5. The combination of numbers and shapes as a means is mainly embodied in analytic geometry, which has been examined in the answers of college entrance examinations over the years (that is, studying geometric problems by algebraic methods). The combination of number and shape appears in the objective questions of college entrance examination with the help of shape.

6. The combination of numbers and shapes should grasp the following points:

(1) The problem of distance, angle or area can be directly solved geometrically;

(2) Studying the problem of function, equation or inequality (maximum) can be solved through the image of function (the zero and vertex of function are the key points), thus transferring and comprehensively applying knowledge;

(3) Attention should be paid to the following problems: The purpose of solving problems can be achieved by constructing distance function, slope function, intercept function, point x2+y2= 1 on the unit circle and cosine theorem.

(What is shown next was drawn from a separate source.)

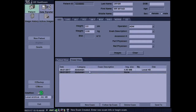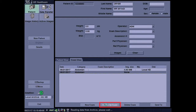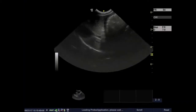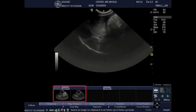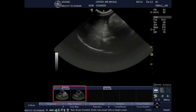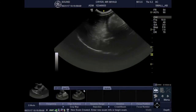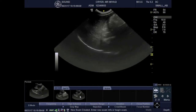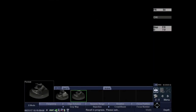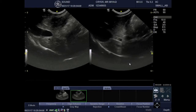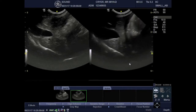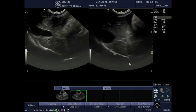Once we have the new exam opened, we will open the follow-up tool and the archived images will be on the left of the screen at the bottom. We'll select the image we want to compare from the previous study, and that will now be on the split screen to the left while the live imaging is on the right.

Third, the mathematical thought of classified discussion

Classified discussion is an important mathematical thinking method. When the objects of the question cannot be studied uniformly, it is necessary to classify the research objects, then study each category separately, give the results of each category, and finally get the answer of the whole question by synthesizing all kinds of results.

1. Mathematical problems related to classified discussion need to be solved by using the idea of classified discussion, and the reasons that cause classified discussion can be roughly summarized as follows:

The mathematical concepts involved in (1) are classified and discussed.

(2) The applied mathematical theorems, formulas, or operation properties and laws are classified and given;

(3) There are many situations or possibilities for the conclusion of the solved mathematical problem;

(4) There are parameter variables in mathematical problems, and different values of these parameter variables lead to different results;

(5) More complicated or unconventional mathematical problems need to be discussed and solved by classification.

2. Classification discussion is a logical method, which is widely used in middle school mathematics. According to different standards, there are different classification methods, but the classification must start from the same standard, so as not to repeat or omit, to cover all kinds of situations, and to be conducive to the study of problems.

Fourth, the idea of transformation and transformation.

The so-called reduced thinking method is a method to solve mathematical problems by transforming them into transformations by some means. Generally, complex problems are always transformed into simple problems, difficult problems into easy-to-solve problems, and unsolved problems into solved problems.